Special Report:Global Financial Crisis
By Chinese media writer Wu Qi
BEIJING, Jan.4 (Chinese media) -- Zheng
Jianpei, a garment exporter in South China's Guangdong Province, could not idle
about, although people across the country were decorating their houses with
lanterns and streamers to celebrate the New Year. Against chilly wind, Zheng and
his fellow staff flew northward to attend an exhibition with packages of sample
garments in Beijing, in an attempt to expand the domestic market.
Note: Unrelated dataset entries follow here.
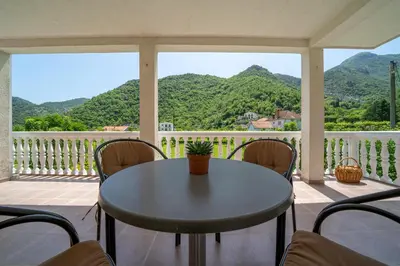 a table on a porch with a view of mountains at House Gorica in Bar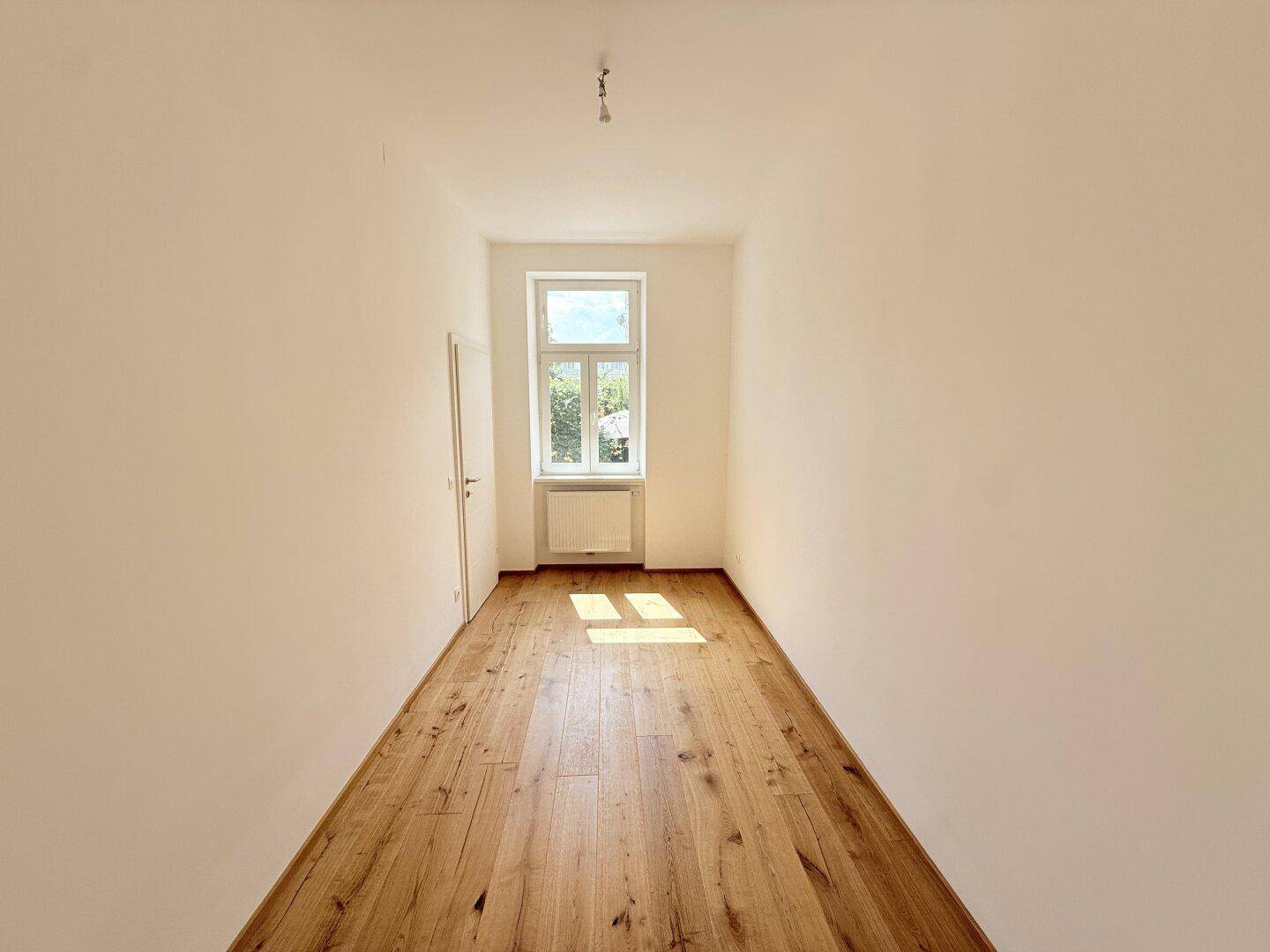 Heller, leerer Raum mit Holzboden und einem Fenster, bietet flexible Nutzung.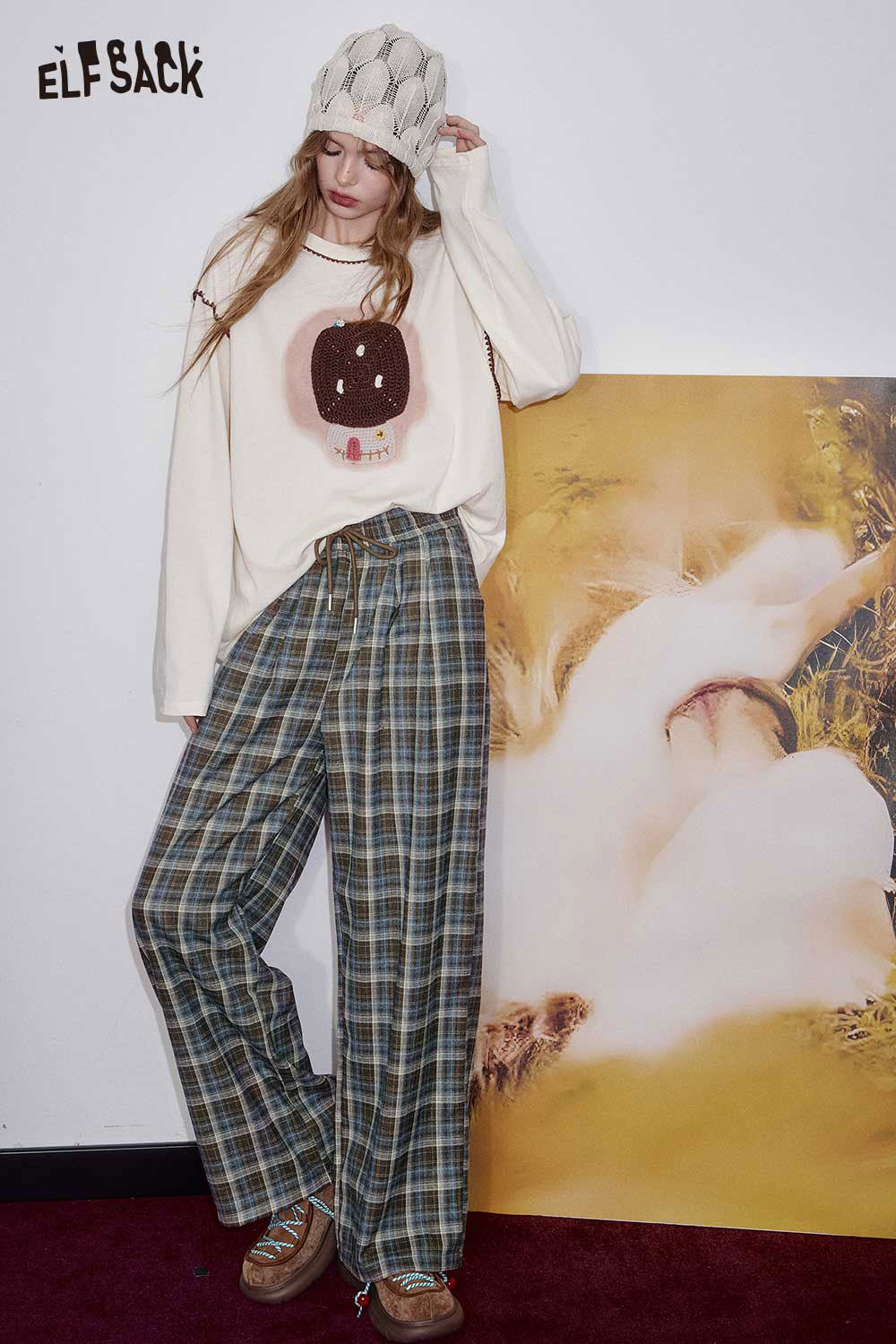 ELFSACK women's check pattern relaxed fit trousers paired with a playful graphic sweater and beanie.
"The economy is in a low tide. We enterprises have to
learn to save ourselves," said Zheng, board chairman of Dongguan Hao Heng
Garment Co. Ltd., which has largely been dedicated to garment export for more
than a decade.
Hammered by the global financial crisis, the year
2008 proved hardest for most Chinese exporters over the past 10 years. It was
also a year China, with import and export contributing to about 60percent of its
gross domestic product (GDP), adjusted its foreign trade policies most
frequently in the past decade.
HIT BY PLUNGING SALES
Zheng has been engaged in the garment export business
for 11 years, coming through the stages of processing with customer's materials,
producing under the OEM (Original Equipment Manufacturer) mode, and developing
his own brands. In the first five years in his career, Zheng worked as a worker
and then a partner in a garment mill. In 2002, Zheng set up his own tailor shop
in Dongguan City, a garment export hub in South China, selling T-shirts and
sportswear across the world.
"I had a good time up to 2007, when I expanded export
at an annual rate of 60 percent in sales volumes," said Zheng brightly.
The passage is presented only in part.